=== Exercise prompt ===
Reproduce the data in full, exactly.

Records for processing: Begin

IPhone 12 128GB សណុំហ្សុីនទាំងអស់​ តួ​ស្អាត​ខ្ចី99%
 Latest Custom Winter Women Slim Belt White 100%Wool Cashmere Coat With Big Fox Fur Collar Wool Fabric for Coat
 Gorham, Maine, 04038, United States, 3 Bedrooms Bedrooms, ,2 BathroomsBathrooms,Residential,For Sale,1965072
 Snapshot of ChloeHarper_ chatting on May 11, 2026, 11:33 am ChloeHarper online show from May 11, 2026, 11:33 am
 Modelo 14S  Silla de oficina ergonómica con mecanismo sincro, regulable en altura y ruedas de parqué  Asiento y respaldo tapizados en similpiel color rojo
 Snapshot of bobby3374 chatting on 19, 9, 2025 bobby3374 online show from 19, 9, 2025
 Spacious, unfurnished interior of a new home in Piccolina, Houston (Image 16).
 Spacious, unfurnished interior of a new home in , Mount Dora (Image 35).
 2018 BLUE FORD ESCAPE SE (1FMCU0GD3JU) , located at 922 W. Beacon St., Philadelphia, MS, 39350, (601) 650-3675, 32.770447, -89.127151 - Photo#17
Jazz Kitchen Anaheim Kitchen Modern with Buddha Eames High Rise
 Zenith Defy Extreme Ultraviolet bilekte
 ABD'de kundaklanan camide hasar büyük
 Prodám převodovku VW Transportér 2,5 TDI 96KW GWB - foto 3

Records for processing: End

=== Output for this task ===
IPhone 12 128GB សណុំហ្សុីនទាំងអស់​ តួ​ស្អាត​ខ្ចី99%
 Latest Custom Winter Women Slim Belt White 100%Wool Cashmere Coat With Big Fox Fur Collar Wool Fabric for Coat
 Gorham, Maine, 04038, United States, 3 Bedrooms Bedrooms, ,2 BathroomsBathrooms,Residential,For Sale,1965072
 Snapshot of ChloeHarper_ chatting on May 11, 2026, 11:33 am ChloeHarper online show from May 11, 2026, 11:33 am
 Modelo 14S  Silla de oficina ergonómica con mecanismo sincro, regulable en altura y ruedas de parqué  Asiento y respaldo tapizados en similpiel color rojo
 Snapshot of bobby3374 chatting on 19, 9, 2025 bobby3374 online show from 19, 9, 2025
 Spacious, unfurnished interior of a new home in Piccolina, Houston (Image 16).
 Spacious, unfurnished interior of a new home in , Mount Dora (Image 35).
 2018 BLUE FORD ESCAPE SE (1FMCU0GD3JU) , located at 922 W. Beacon St., Philadelphia, MS, 39350, (601) 650-3675, 32.770447, -89.127151 - Photo#17
Jazz Kitchen Anaheim Kitchen Modern with Buddha Eames High Rise
 Zenith Defy Extreme Ultraviolet bilekte
 ABD'de kundaklanan camide hasar büyük
 Prodám převodovku VW Transportér 2,5 TDI 96KW GWB - foto 3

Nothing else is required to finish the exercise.